De qualquer modo, no caso em apreço, a Requerida também não é clara no modo como deduz a sua pretensão respeitante à invocação de um contra crédito contra o autor. Limitando-se a invocá-lo unicamente para o efeito de extinguir o crédito do autor (apesar de o seu contracrédito ser superior não pode o reconhecimento do excedente), deixa algumas dúvidas sobre a posição por si assumida, nomeadamente se tal invocação é feita no âmbito de uma mera defesa por exceção ou se no campo da reconvenção, através da dedução de ação autónoma contra o autor.

Na oposição que deduz ao requerimento de injunção, a Requerida alega que nada deve à Requerente, porquanto, sendo titular de um contracrédito contra a Requerente no valor de 10.165,54 €, o crédito da Requerente aqui peticionado (cuja existência reconhece unicamente no valor de 8.841,80€) encontra-se extinto por compensação, por si invocada extrajudicialmente por carta enviada à autora no dia 20-06-2016.

E, não só não alega que pretende deduzir pedido reconvencional contra a Requerente, como não formula expressamente qualquer pedido de reconhecimento do seu alegado crédito no valor de 10.165,54 € (ou sequer no valor necessário à compensação com o crédito do autor).

E se atentarmos ao modo como estrutura e sistematiza a sua oposição, alega “deduzir oposição à injunção, o que faz nos termos e com os seguintes fundamentos: I) por impugnação e II) por compensação, subdividindo esta última em 1. multa contratual, 2. sobrecustos, 3. custos diretos, sem que haja algum capítulo dedicado à “reconvenção”.

A Ré utiliza a palavra “reconvenção” uma única vez, no art. 48º da sua oposição ao alegar que, “a forma de agora se efetivar processualmente a compensação, com extinção da obrigação da outra parte é a reconvenção, ainda que apenas para aquele fim (artigo 266º, nº2, al. c), do COP”, sem que daí retire qualquer consequência, acabando por não formular expressamente qualquer pedido contra a Requerente[2].

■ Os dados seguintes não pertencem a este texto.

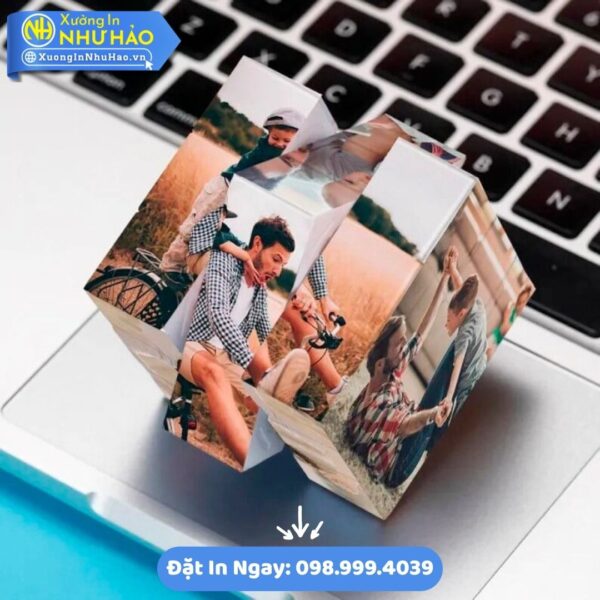 Nâng Tầm Thương Hiệu Với Rubik In Logo Theo Yêu Cầu - Quà Tặng Doanh Nghiệp Sáng Tạo, Lan Tỏa Hình Ảnh Chuyên Nghiệp - Hình ảnh 4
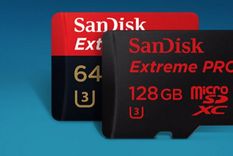 sandisk presenta tarjeta con velocidad extrema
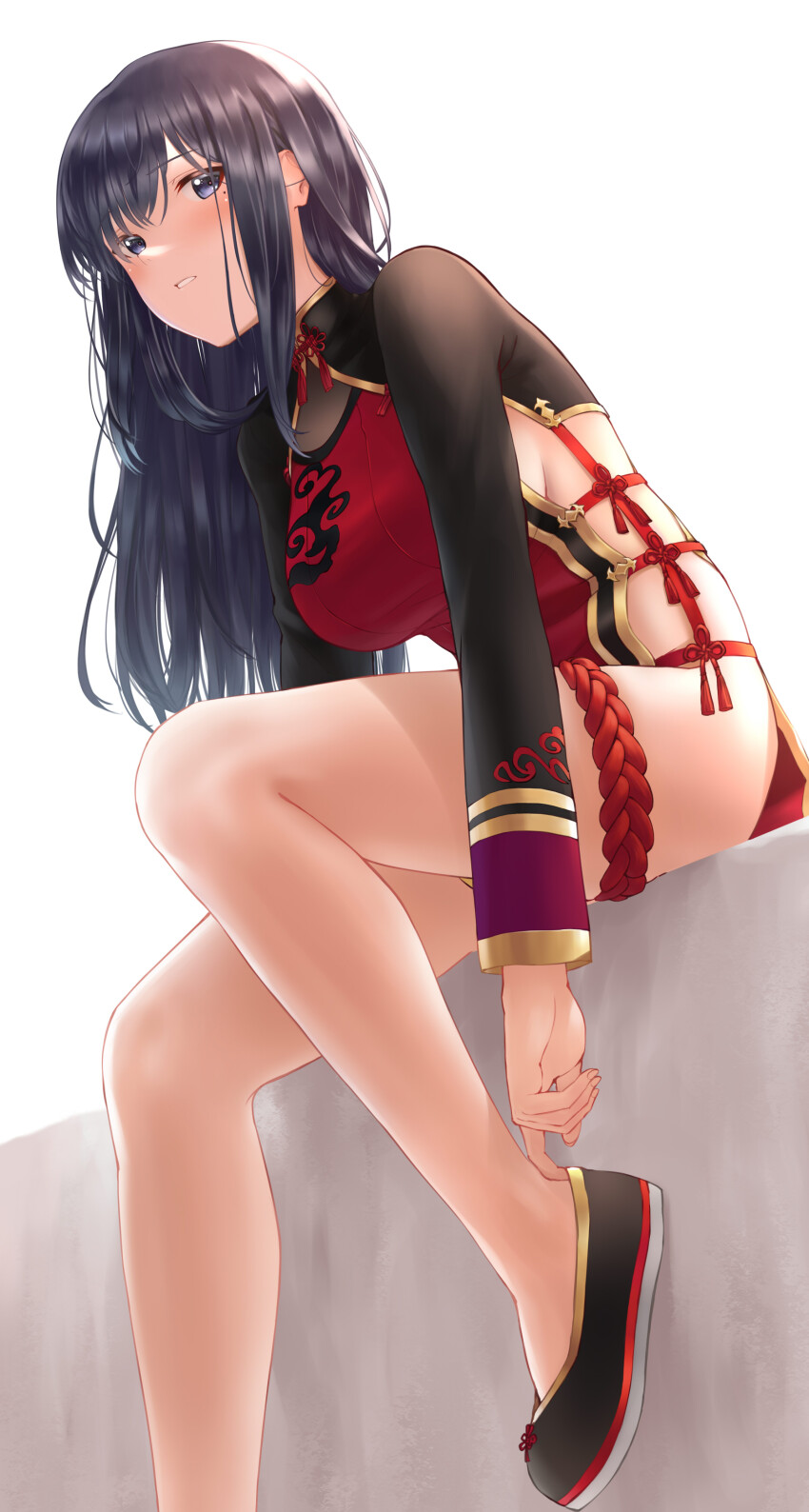Kagome Misaki (Alice Gear Aegis) Rule 34 Image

 Assim sendo, a entender-se que a Requerida não deduziu qualquer reconvenção que tenha ser (ou não) admitida, nada mais haveria aqui a decidir, não fora a referência que o despacho recorrido faz, a seguir à decisão de “não admitir a reconvenção”, colocando entre parêntesis “(artigo 21º e seguintes da oposição)”, daqui se deduzindo que, com tal despacho – independentemente da questão de saber se nela foi, ou não, deduzida reconvenção, se visou a rejeição ou não admissão de todo o alegado pela requerente nos arts. 21º e ss. da oposição.

De qualquer modo, a verdadeira questão que aqui se coloca não será tanto a da (in)admissibilidade da reconvenção na AECOP de valor inferior a 15.000,00 €, mas se a compensação poderá ser deduzida enquanto defesa por exceção ou se, necessariamente, através de pedido reconvencional formulado contra o autor, ainda que o contra crédito seja invocado apenas como meio de provocar a extinção do crédito do autor e sem que o réu peça a condenação do autor no valor excedente.

Na vigência do anterior Código de processo, estabelecia o artigo 274º, nº2, al. b), que “a reconvenção é admissível (…) quando o réu se propõe obter a compensação”.

Era, já então, controvertida a questão de saber se a compensação tinha de ser invocada sempre em sede de reconvenção ou se a constituía apenas quando o crédito do réu era superior e só na medida do excesso, sendo esta última a jurisprudência maioritária.

Os defensores de que a compensação deveria ser invocada em sede de exceção, só podendo ser objeto de pedido reconvencional na parte excedente, apoiavam-se no argumento de que se a alegação de factos extintivos do direito do autor assume a natureza de exceção perentória, parecia inexistirem razões justificativas para sujeitar a compensação a diverso tratamento[3].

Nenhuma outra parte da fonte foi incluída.